DiDi and I had definitely had some romantic eye contact in the past. But me and the clay man- now we have chemistry that people write novels about. He stood there, this- Golem, and watched me. I considered for a moment that perhaps he was an art project. Something the ceramics kids made and planted out in the quad. That hope was crushed when he took a step forward. Well, perchance a robotics project, by the robotics team?. . . Seemed unlikely since our school didn’t have one.

I thought what any rational person would think, which was that I had gone completely insane and, if my head didn’t feel like it was about to burst and I wasn’t crumpled on the floor like a baby, I probably would have just ran and. . . kept running. Like, forever.

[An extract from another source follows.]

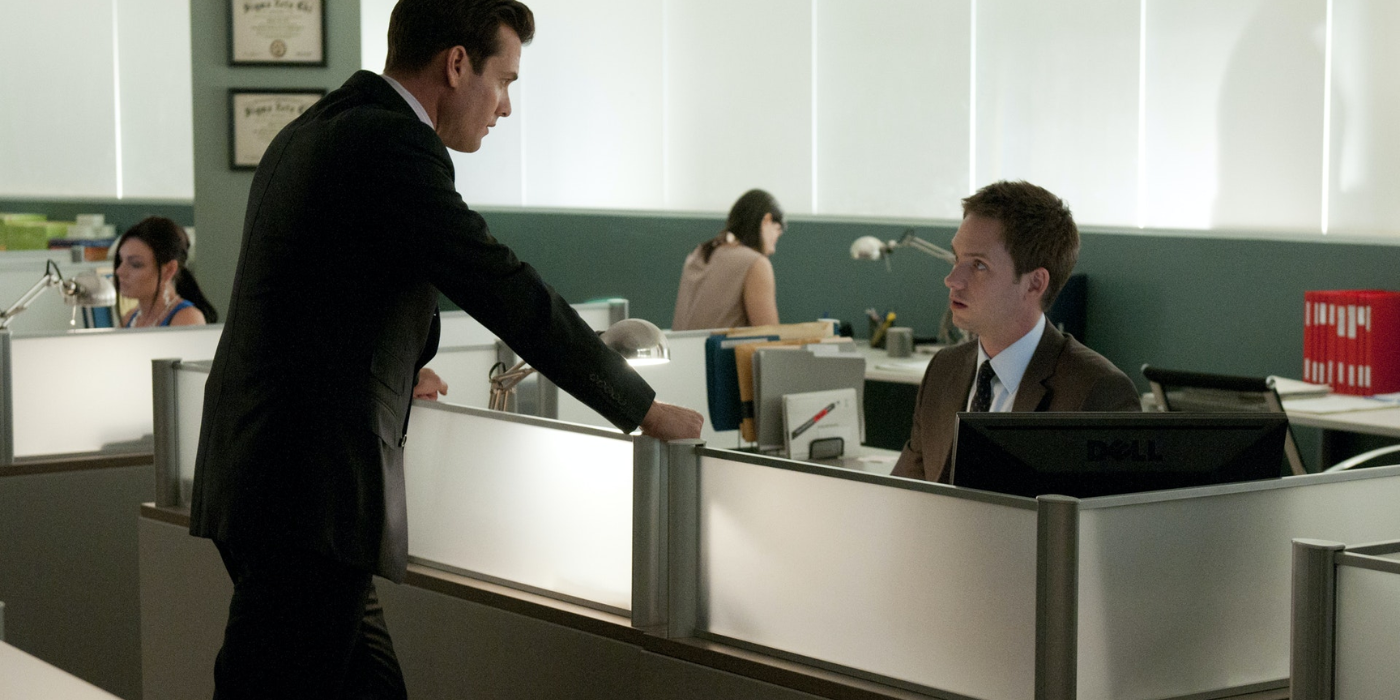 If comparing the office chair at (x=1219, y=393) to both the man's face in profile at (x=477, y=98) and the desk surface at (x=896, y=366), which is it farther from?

But the big guy was just standing there. A massive form, only barely resembling an actual human. It had a head like the Juggernaut’s; neck less and rounded. Like if someone were to take a really really large ball, cut it perfectly in half and then glue it right on his shoulders, which were alone the length of my arms from one middle finger to the other. His eyes were little upside down triangles, hollow as if someone had carved them right out of his face. They very well may have because, and I cannot stress this enough, THE DUDE WAS MADE OF CLAY.

I wanted to vomit a little.

Sorry; that was a lie.

I wanted to vomit a lot.

And on top of the fact that there was a motionless clay giant staring at me in the middle of the quad, there was the fact that my headache was still going strong. I was just hitting the top of my head at this point, half consciously believing that my fists would make either the headache or the Golem leave. One of them had to go!

The Juggernaut Golem took a very weighted step forward. There was something carved into the sandy stone of his forehead that I now saw. It was writing of sorts- in a different

language. It looked somewhat like this; אֶמֶת; but perhaps I have it wrong. It reminded me slightly of Arabic, but I doubted I was correct.

The Golem took another step and I gave another whimper and pressed my eyes shut tight in hopes that when they opened he would be gone. Along with my headache.

That was a mistake. The pain amplified itself, stunning my hearing and knocking my vision completely off guard. It was like two fisher’s hooks trying to dig their way out of the inside of my head.

And the Golem? Well, he was walking towards me now. With confidence. If it had any kind of mouth, I am sure it would have smiled evilly as he walked, but without one he simply ended up looking like he was confused.

It was close now, his hands swinging all the way down to the floor, drawing lines onto the pavement like chalk. With every step it took, the more I felt that it was real and not just a figment of my imagination. The sun was baking over its stony orange body, looking very convincing.

I didn’t know what to do.

So I screamed. Come on! It seemed like the only solution to a surprise encountered by a massive man made of clay in the middle of fourth period LIT/WRIT outside in the quad on my first day of ninth grade. At least it was a manly scream.

“Aw, don’t scream, Blondy. You’re gonna scare him away.”

My head twisted on my neck, my muscles cramping. The Golem froze in its tracks and, for a moment, even my headache seemed to pause in suspense.

I couldn’t remember ever having seen this girl before. I’m sure that I would have if she was in any of my classes, because her smirk simply screamed trouble. No doubt two seconds into class and she would be getting sent to the principal's office for misconduct.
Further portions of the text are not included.